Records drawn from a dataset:
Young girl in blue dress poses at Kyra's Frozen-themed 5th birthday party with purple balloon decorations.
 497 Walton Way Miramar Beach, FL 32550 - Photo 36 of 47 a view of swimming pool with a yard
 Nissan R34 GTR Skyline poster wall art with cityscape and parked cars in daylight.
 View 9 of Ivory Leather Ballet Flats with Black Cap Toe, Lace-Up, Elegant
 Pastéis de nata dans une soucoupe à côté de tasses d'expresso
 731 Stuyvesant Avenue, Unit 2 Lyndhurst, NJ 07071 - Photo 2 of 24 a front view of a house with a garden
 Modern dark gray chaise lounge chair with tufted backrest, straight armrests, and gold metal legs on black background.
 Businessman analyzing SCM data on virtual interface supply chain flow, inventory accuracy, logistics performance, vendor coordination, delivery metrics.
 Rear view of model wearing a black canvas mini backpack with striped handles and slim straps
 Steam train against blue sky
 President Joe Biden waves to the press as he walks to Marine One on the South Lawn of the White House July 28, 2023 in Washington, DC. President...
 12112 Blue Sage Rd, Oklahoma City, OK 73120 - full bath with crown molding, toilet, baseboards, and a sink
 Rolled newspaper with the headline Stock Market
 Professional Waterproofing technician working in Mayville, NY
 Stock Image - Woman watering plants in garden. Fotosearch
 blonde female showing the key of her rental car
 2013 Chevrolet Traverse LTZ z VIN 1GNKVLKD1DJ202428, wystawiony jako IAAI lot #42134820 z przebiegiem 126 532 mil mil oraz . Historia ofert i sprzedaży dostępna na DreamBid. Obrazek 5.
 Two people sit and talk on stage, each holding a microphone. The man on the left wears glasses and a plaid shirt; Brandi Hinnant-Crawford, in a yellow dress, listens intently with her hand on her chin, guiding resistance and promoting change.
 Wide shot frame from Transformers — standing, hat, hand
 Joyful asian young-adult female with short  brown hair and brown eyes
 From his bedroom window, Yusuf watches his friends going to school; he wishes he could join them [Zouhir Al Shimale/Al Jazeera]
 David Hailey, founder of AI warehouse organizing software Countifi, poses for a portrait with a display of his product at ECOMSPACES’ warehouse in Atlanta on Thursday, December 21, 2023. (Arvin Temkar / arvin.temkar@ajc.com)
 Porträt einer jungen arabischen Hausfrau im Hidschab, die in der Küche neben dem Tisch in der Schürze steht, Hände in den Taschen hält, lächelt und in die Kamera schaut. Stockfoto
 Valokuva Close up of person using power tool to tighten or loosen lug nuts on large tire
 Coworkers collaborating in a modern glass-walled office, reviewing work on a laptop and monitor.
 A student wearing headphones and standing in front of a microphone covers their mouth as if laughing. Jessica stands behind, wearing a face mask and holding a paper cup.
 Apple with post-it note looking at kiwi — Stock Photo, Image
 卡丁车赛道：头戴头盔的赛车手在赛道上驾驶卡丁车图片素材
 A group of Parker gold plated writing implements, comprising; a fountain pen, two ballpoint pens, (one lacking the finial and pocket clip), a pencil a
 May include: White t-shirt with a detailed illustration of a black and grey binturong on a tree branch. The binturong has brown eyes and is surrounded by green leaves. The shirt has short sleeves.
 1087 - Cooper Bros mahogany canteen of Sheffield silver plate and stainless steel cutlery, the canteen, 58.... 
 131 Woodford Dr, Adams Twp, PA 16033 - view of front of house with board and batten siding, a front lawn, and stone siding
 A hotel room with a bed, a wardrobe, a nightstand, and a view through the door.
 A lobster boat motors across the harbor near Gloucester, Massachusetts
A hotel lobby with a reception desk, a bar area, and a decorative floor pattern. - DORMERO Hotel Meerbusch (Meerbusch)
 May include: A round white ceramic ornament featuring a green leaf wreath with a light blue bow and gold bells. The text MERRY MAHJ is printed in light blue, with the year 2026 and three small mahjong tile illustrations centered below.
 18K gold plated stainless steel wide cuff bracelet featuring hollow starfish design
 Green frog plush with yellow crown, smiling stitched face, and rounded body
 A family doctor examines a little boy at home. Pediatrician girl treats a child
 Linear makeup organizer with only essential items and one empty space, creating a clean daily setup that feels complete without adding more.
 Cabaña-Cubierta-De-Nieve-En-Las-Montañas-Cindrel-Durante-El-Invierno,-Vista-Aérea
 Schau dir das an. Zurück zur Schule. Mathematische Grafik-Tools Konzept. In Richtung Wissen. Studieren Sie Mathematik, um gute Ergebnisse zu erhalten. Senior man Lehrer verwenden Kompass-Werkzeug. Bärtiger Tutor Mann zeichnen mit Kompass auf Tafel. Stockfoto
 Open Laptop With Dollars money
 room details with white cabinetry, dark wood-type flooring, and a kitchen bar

WHAT YOU HAVE TO DO | Having located the line containing "Cabaña-Cubiert", set it down along with every line after it through the end of the data, reproducing each exactly.

TASK ANSWER |
 Cabaña-Cubierta-De-Nieve-En-Las-Montañas-Cindrel-Durante-El-Invierno,-Vista-Aérea
 Schau dir das an. Zurück zur Schule. Mathematische Grafik-Tools Konzept. In Richtung Wissen. Studieren Sie Mathematik, um gute Ergebnisse zu erhalten. Senior man Lehrer verwenden Kompass-Werkzeug. Bärtiger Tutor Mann zeichnen mit Kompass auf Tafel. Stockfoto
 Open Laptop With Dollars money
 room details with white cabinetry, dark wood-type flooring, and a kitchen bar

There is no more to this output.